Review Summary: ambitious death metal compositions full of devilish riffs and unrelenting drums
With the abundance of music and reviews online today, discovering a band at a live show seems unlikely, but it is possible. Most veteran headliners still tour with one or more supporting acts, providing valuable exposure for both the artists and their potential new fans. Some opening acts crash and burn; others simply underwhelm. Every so often, a relatively unknown band seizes their moment and makes an impression. Fans may have noticed one such group on Morbid Angel’s Kingdoms Disdained
tour last year.
Hate Storm Annihilation
is a three-piece death metal band from Chicago, Illinois, formed in 2012 by guitarist/vocalist Craig Schmuhl and drummer Konstantin Dermendjiev. The duo recruited bass player, Spencer Metela, in the summer of 2016 to complete the trio. The band officially arrived in 2014 with its debut, Storm of Flames
. Four years later, they released their sophomore album, Following the Path to Eternal Fire
. While the group stays true to the style and sound of its debut, significant progress was achieved during the four-year gap between releases.
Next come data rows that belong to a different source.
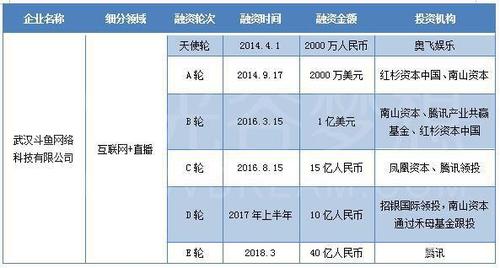 武汉斗鱼收入（武汉斗鱼网络公司）-图1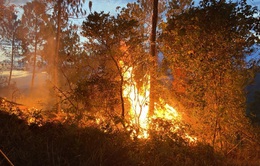 Cháy rừng thông phòng hộ gần 30 năm tuổi tại Thừa Thiên-Huế
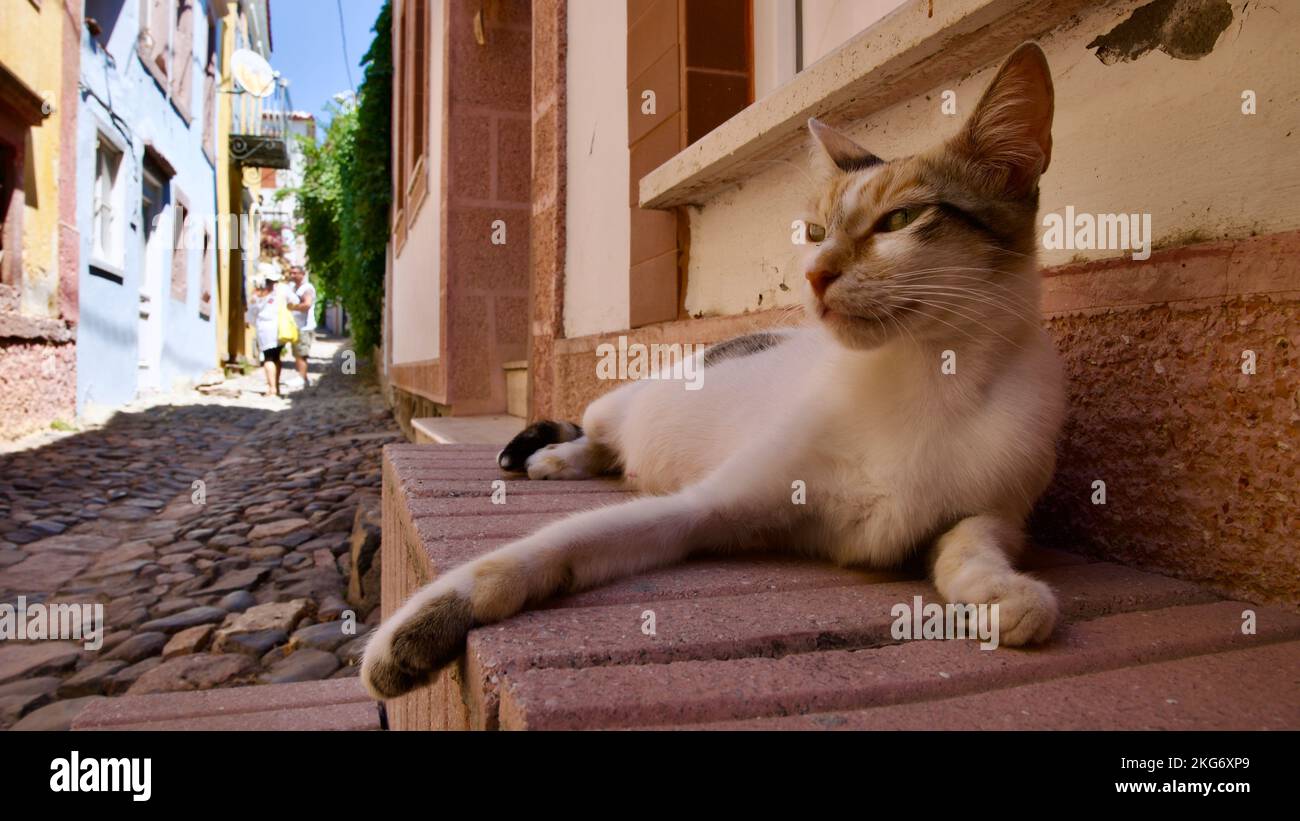 Streunende Katze in verschiedenen Farben. Straßenkatzen aus der Türkei. Konzentrier dich auf die Katze. Stockfoto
Following the Path to Eternal Fire
takes the fundamental building blocks of death metal and expands them into ambitious 10-minute compositions, full of musical variety and songwriting creativity. The majority of the album focuses on aggressive themes that are connected by more subdued yet eerie diversions. These lighter passages scarcely lighten the mood, though, creating more of a sinister calm-before-the-storm effect. Whereas the debut’s vocals were somewhat devilish, Craig’s growling now sounds legitimately diabolical at times. As potent as before, Konstantin pummels his drums into oblivion discharging blast beats and double bass rolls like shrapnel, occasionally producing the rattle of a snake ready to strike. The bass could be more elevated in the mix, but it adequately underpins the low-end of the album’s tone. Overall, the album captures the ominous mood of wandering along a dimly lit path through trees infected by whatever demon that is on the cover art.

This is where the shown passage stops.